Some Possible Solutions
Last time in this space, we previewed three nearby candidates for a possible AHL expansion club owned by the Blues. In order of proximity, those locations were: St. Charles, Missouri; Springfield, Illinois; and Bloomington, Illinois.
All three cities have strong points in favor of their playing host to an AHL franchise – St. Charles has a modern 10,000-seat building and is literally in the Blues’ back yard; Springfield has name recognition for the Blues’ brand and no other pro or major college sports competition in town; and Bloomington also has a large, modern facility that has been host to a pro or Tier One Junior hockey club in one league or another for the last ten seasons.
All three cities also have their negatives as well. St. Charles’ arena management has not been particularly cooperative with hockey club management in the past, and the last hockey venture at the Family Arena (the CHL St. Charles Chill) was a Mickey Mouse operation that left a bad taste in many peoples’ mouths. Springfield’s largest facility does not have permanent ice, the city has never had a pro hockey club, and several minor-league baseball clubs have gone belly-up playing there in recent years.

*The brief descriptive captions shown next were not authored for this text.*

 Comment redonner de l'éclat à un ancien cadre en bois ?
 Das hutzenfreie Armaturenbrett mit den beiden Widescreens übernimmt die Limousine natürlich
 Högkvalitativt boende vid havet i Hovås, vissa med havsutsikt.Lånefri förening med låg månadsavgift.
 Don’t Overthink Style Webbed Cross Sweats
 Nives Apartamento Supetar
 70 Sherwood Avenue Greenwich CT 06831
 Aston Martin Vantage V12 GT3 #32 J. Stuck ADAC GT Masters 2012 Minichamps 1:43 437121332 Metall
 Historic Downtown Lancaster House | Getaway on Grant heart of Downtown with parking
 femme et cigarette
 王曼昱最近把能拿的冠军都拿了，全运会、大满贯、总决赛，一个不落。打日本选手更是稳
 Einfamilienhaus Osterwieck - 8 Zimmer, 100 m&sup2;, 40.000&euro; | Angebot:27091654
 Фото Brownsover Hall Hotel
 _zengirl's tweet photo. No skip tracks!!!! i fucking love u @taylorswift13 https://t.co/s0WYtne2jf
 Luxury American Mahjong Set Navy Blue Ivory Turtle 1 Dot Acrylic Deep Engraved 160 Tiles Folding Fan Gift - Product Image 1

The U.S. Cellular Coliseum in Bloomington, meanwhile, may have had a hockey tenant for ten years running, but the Bloomington-Normal market is small (less than 125,000) and the teams that have played there have not drawn much better than the high 2000’s – low 3000’s on average. Crowds that size can sustain a USHL franchise, with no player payroll or workman’s comp expenditures, but an AHL franchise will die on the vine drawing crowds of 2700 at home.
Of the three "close-in" potential markets, then, your GTPD would rank Bloomington first, followed by St. Charles and then Springfield. Our personal favorite would be Springfield, being less than an hour’s drive from the home town of both your GTPD and fellow "Game Time" contributor Donut King, but objectively speaking, there are probably too many logistical and perception issues to overcome in Springfield to make an AHL venture a viable one.
Bloomington, for all its market size and attendance issues, would probably have a better chance than St. Charles of succeeding as home to an AHL franchise. The arena management in Bloomington has a decade of experience working with hockey clubs at various levels, and the fact that clubs keep coming back to Bloomington is a good indicator of its value as a market.
Let’s turn now to three markets that are a little further out from St. Louis, but still close enough to be assimilated into the Blues’ "turf."
Kentucky Fried Franchise
Almost due east about 260 miles on I-64 is the Ohio River metropolis of Louisville. Of the cities we’ve listed for consideration as a potential future Blues’ affiliate, Louisville has the distinction of not only being very much like St. Louis in that it’s a major river port, but also having no less than three facilities that are capable of hosting an AHL club.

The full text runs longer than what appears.